Assignment.
Repeat the span of the entries below that starts at the line with "Pantalon sarouel elastique" and ends at the line with "Jewel Drops - Match 3 Apk", nothing more. Skip the pictures.

═════ Source material ═════

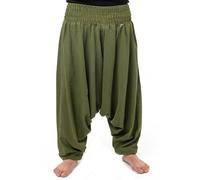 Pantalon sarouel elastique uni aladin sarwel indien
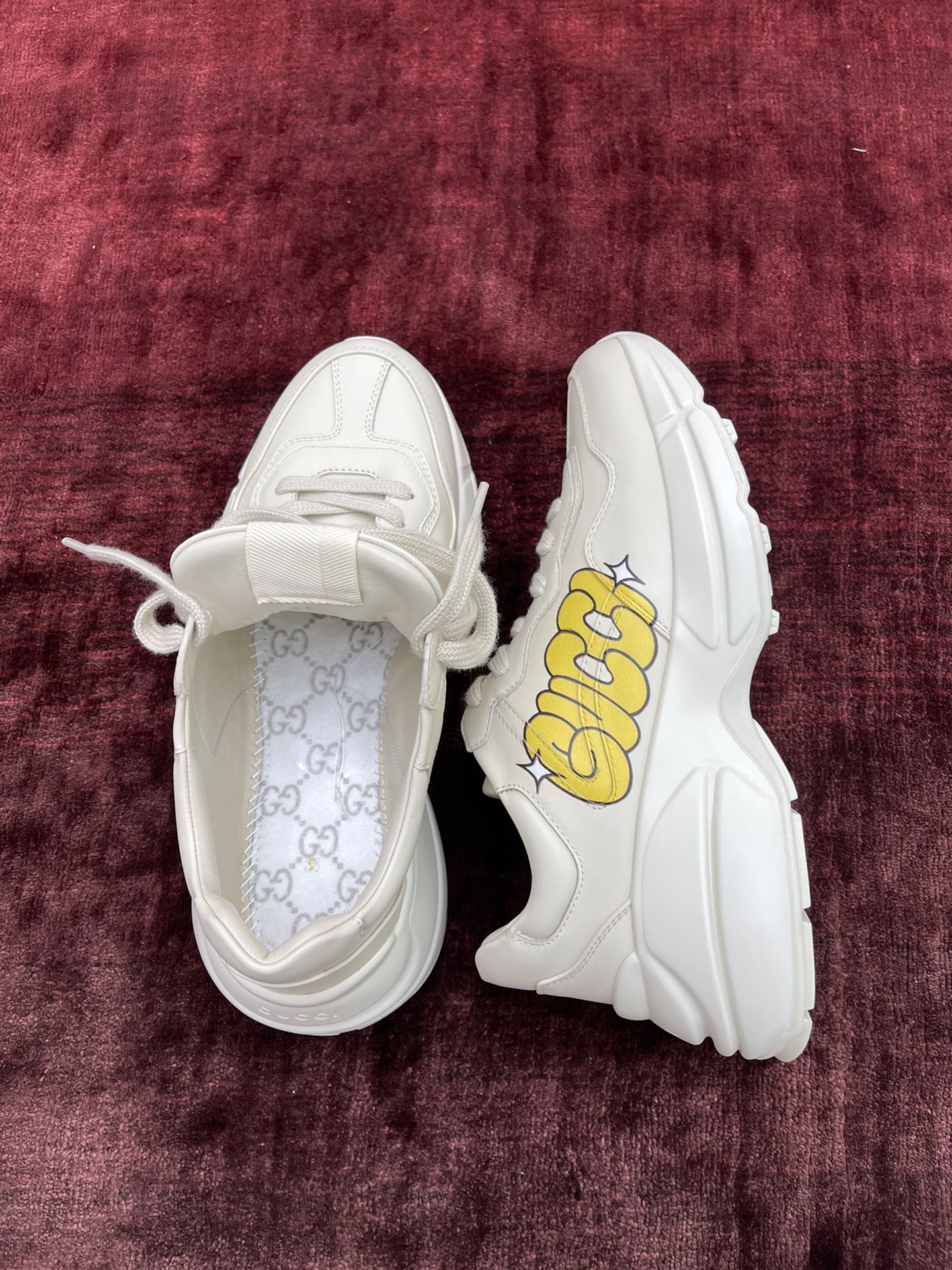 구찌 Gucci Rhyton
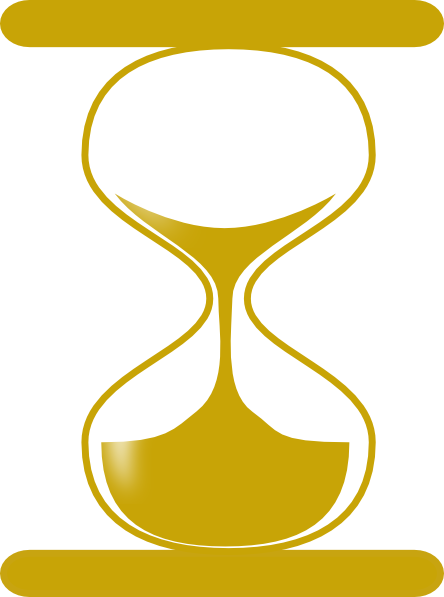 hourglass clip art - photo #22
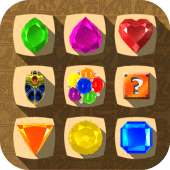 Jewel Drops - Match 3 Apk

═════
═════ Source material ═════

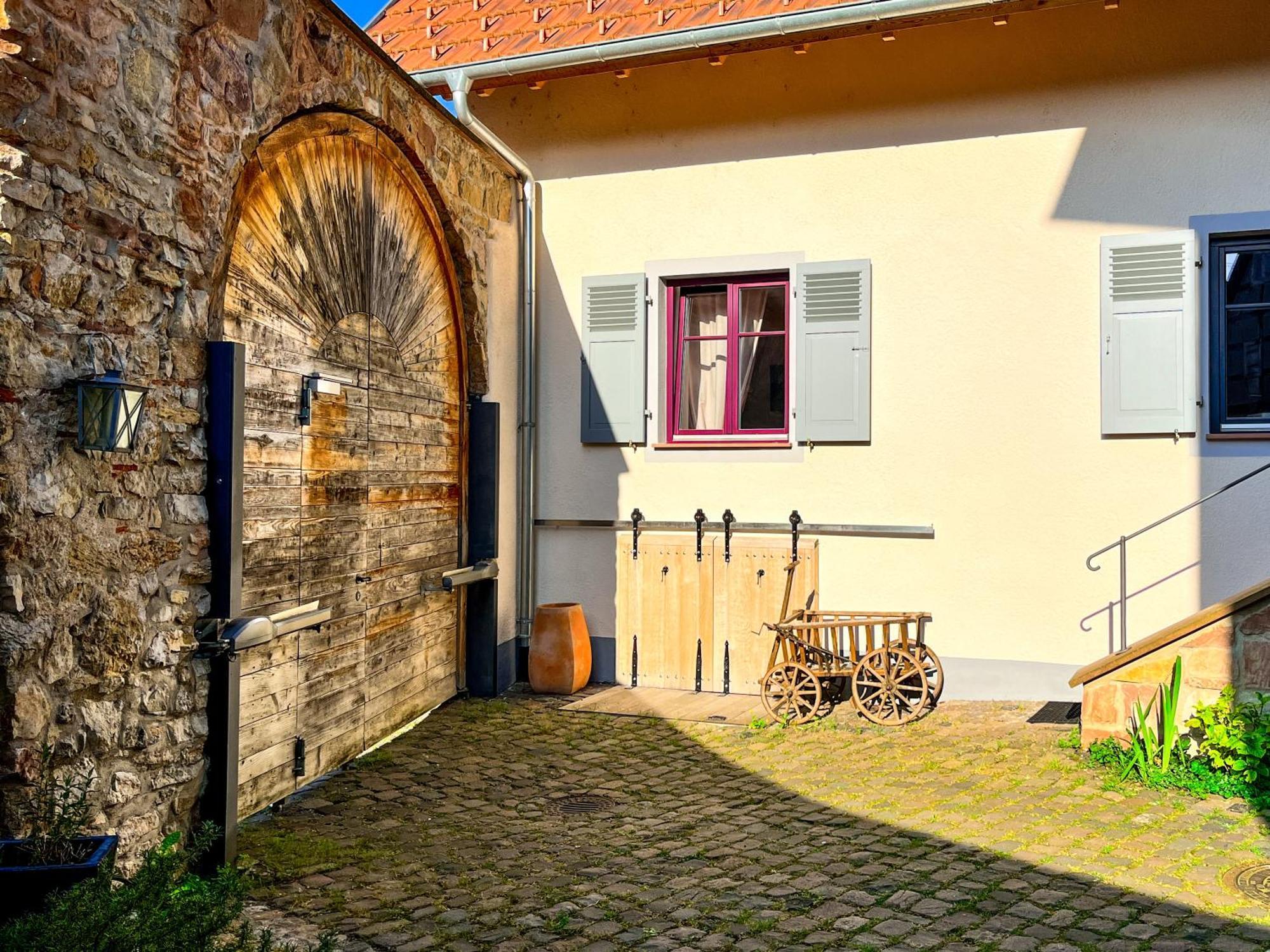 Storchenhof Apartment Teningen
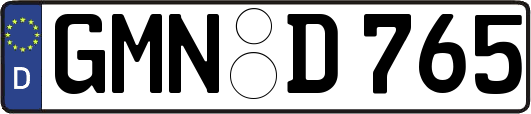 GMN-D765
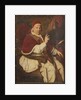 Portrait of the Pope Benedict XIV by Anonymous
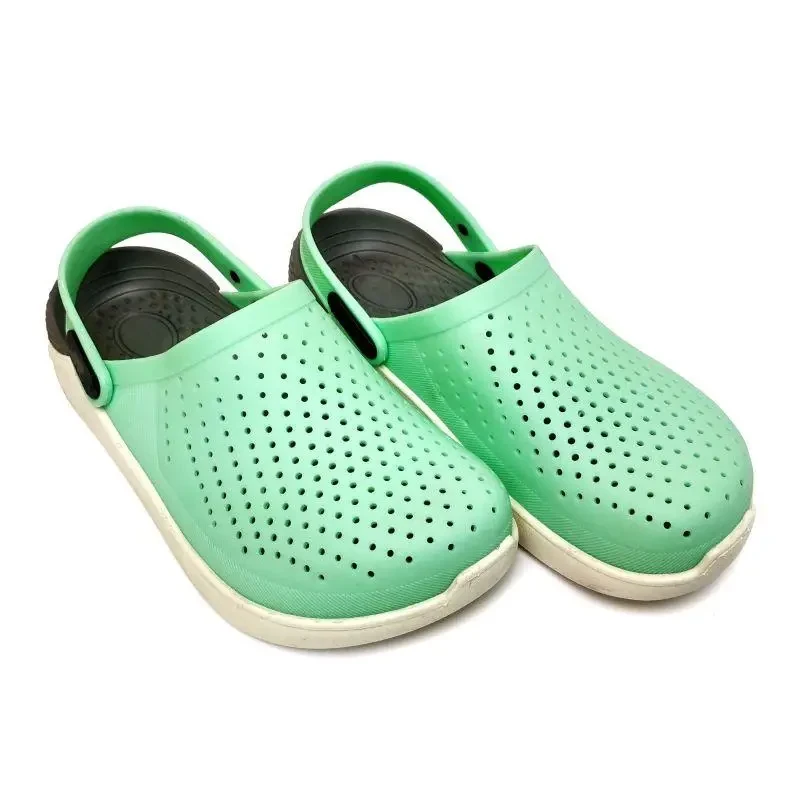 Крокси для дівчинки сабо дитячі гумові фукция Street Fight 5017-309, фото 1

═════
═════ Source material ═════

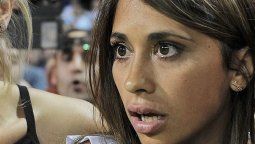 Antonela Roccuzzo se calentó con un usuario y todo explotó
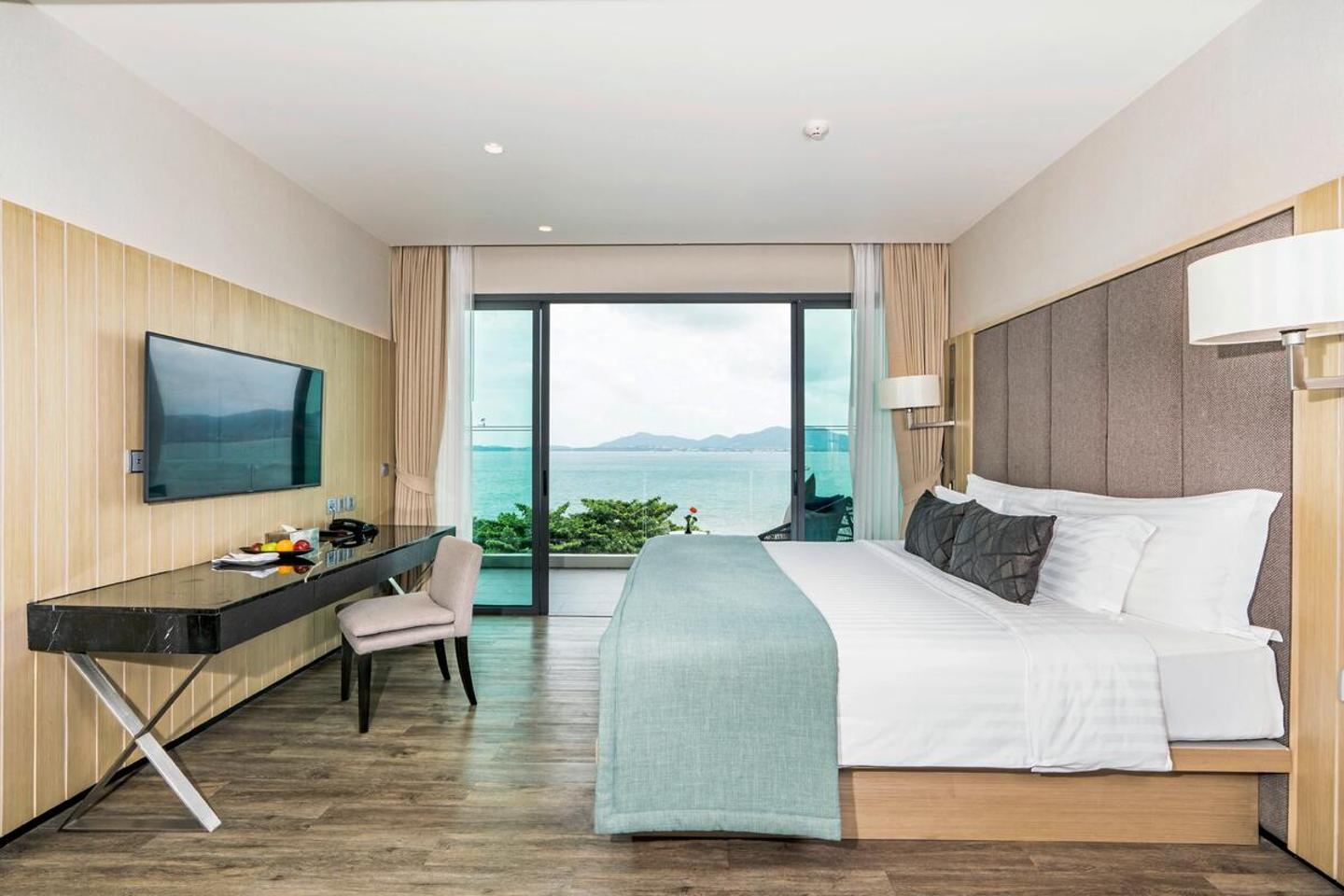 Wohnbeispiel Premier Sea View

═════

Solution to this problem.
 Pantalon sarouel elastique uni aladin sarwel indien
 구찌 Gucci Rhyton
 hourglass clip art - photo #22
 Jewel Drops - Match 3 Apk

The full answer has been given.